┌────────

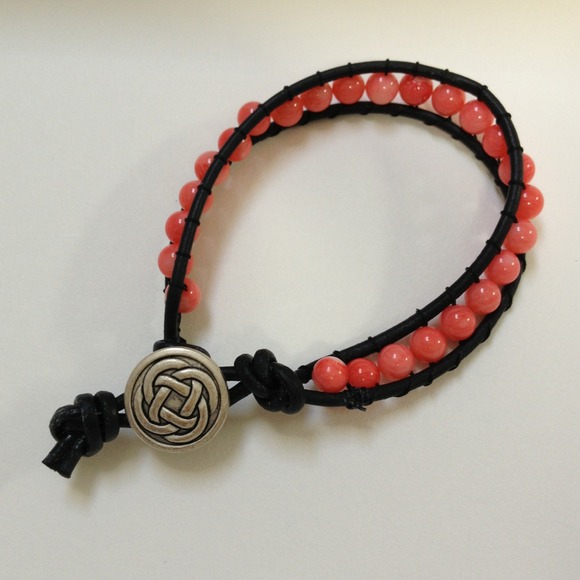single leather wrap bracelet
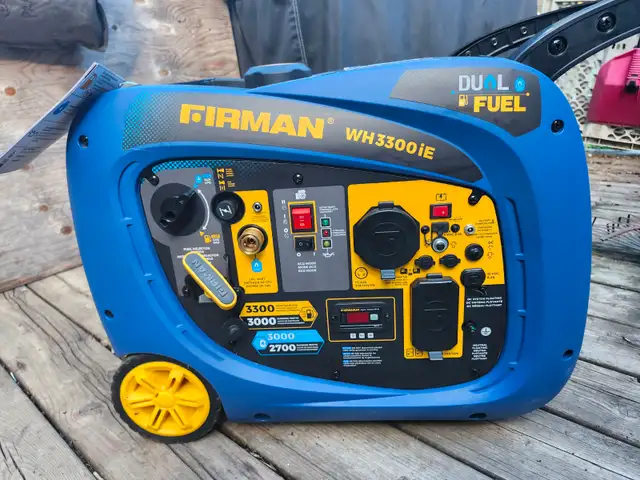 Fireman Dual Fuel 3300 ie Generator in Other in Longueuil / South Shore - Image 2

└────────
┌────────

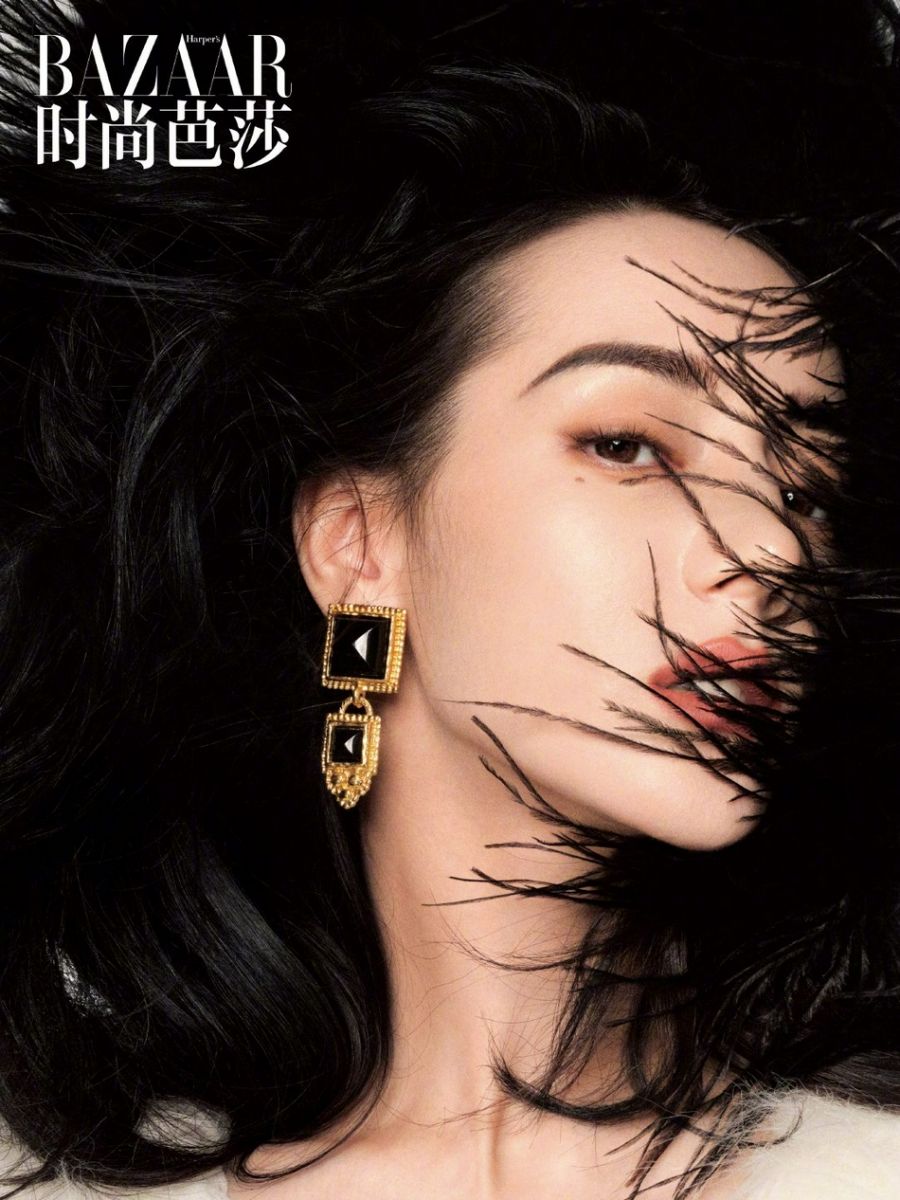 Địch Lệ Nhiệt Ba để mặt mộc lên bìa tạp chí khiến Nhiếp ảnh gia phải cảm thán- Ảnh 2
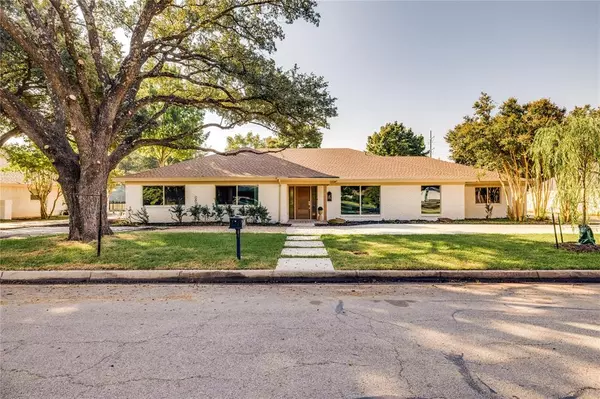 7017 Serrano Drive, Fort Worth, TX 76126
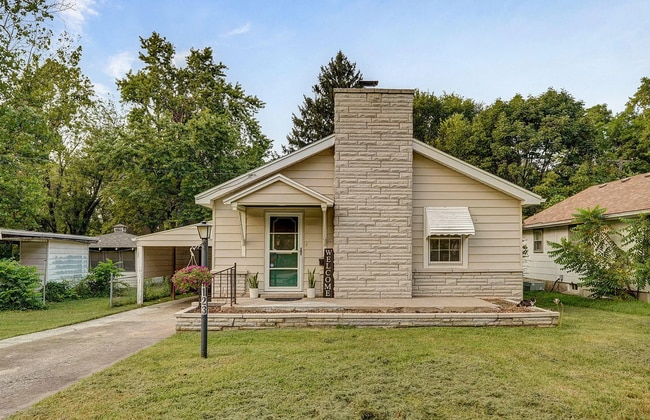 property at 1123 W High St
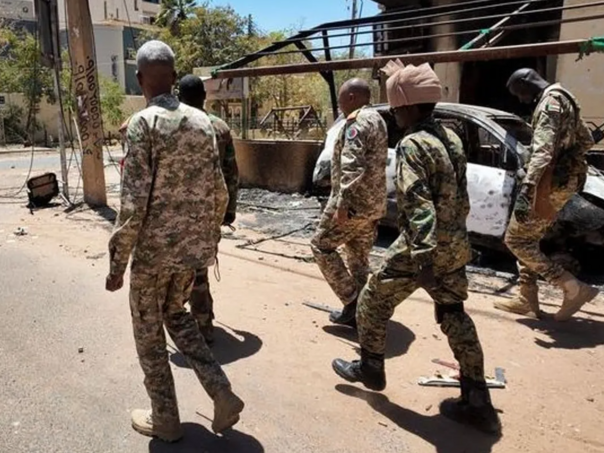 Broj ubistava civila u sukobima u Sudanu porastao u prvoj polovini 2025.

└────────

To do - Could you transcribe exactly the entries above, but only the lines from the one with "single leather wrap bracelet" through the one with "Fireman Dual Fuel", and without pictures?

Solution to the exercise -
single leather wrap bracelet
 Fireman Dual Fuel 3300 ie Generator in Other in Longueuil / South Shore - Image 2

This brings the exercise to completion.